Entries taken from a collection

========

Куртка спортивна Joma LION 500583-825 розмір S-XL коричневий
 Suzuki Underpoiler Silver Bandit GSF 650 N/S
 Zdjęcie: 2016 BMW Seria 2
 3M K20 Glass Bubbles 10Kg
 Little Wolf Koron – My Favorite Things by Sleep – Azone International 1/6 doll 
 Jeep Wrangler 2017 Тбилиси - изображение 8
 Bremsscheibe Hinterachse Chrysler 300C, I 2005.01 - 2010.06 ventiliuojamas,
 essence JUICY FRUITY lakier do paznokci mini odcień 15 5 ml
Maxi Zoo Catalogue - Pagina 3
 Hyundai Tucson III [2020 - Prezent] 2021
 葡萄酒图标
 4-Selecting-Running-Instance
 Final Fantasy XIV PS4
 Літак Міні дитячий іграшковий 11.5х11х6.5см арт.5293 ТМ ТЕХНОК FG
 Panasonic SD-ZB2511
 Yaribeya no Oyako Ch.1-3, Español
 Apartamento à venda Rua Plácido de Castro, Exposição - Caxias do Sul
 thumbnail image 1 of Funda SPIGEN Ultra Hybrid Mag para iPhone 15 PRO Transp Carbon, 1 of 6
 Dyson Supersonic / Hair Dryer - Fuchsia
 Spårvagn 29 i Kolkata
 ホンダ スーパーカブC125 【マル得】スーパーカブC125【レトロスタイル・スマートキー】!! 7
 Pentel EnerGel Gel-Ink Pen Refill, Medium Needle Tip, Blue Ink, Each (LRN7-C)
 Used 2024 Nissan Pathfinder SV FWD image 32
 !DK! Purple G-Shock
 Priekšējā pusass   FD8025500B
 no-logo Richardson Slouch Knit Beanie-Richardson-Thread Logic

========

Directions for this task » Output every record above a second time, exactly.

Solution to this problem »
Куртка спортивна Joma LION 500583-825 розмір S-XL коричневий
 Suzuki Underpoiler Silver Bandit GSF 650 N/S
 Zdjęcie: 2016 BMW Seria 2
 3M K20 Glass Bubbles 10Kg
 Little Wolf Koron – My Favorite Things by Sleep – Azone International 1/6 doll 
 Jeep Wrangler 2017 Тбилиси - изображение 8
 Bremsscheibe Hinterachse Chrysler 300C, I 2005.01 - 2010.06 ventiliuojamas,
 essence JUICY FRUITY lakier do paznokci mini odcień 15 5 ml
Maxi Zoo Catalogue - Pagina 3
 Hyundai Tucson III [2020 - Prezent] 2021
 葡萄酒图标
 4-Selecting-Running-Instance
 Final Fantasy XIV PS4
 Літак Міні дитячий іграшковий 11.5х11х6.5см арт.5293 ТМ ТЕХНОК FG
 Panasonic SD-ZB2511
 Yaribeya no Oyako Ch.1-3, Español
 Apartamento à venda Rua Plácido de Castro, Exposição - Caxias do Sul
 thumbnail image 1 of Funda SPIGEN Ultra Hybrid Mag para iPhone 15 PRO Transp Carbon, 1 of 6
 Dyson Supersonic / Hair Dryer - Fuchsia
 Spårvagn 29 i Kolkata
 ホンダ スーパーカブC125 【マル得】スーパーカブC125【レトロスタイル・スマートキー】!! 7
 Pentel EnerGel Gel-Ink Pen Refill, Medium Needle Tip, Blue Ink, Each (LRN7-C)
 Used 2024 Nissan Pathfinder SV FWD image 32
 !DK! Purple G-Shock
 Priekšējā pusass   FD8025500B
 no-logo Richardson Slouch Knit Beanie-Richardson-Thread Logic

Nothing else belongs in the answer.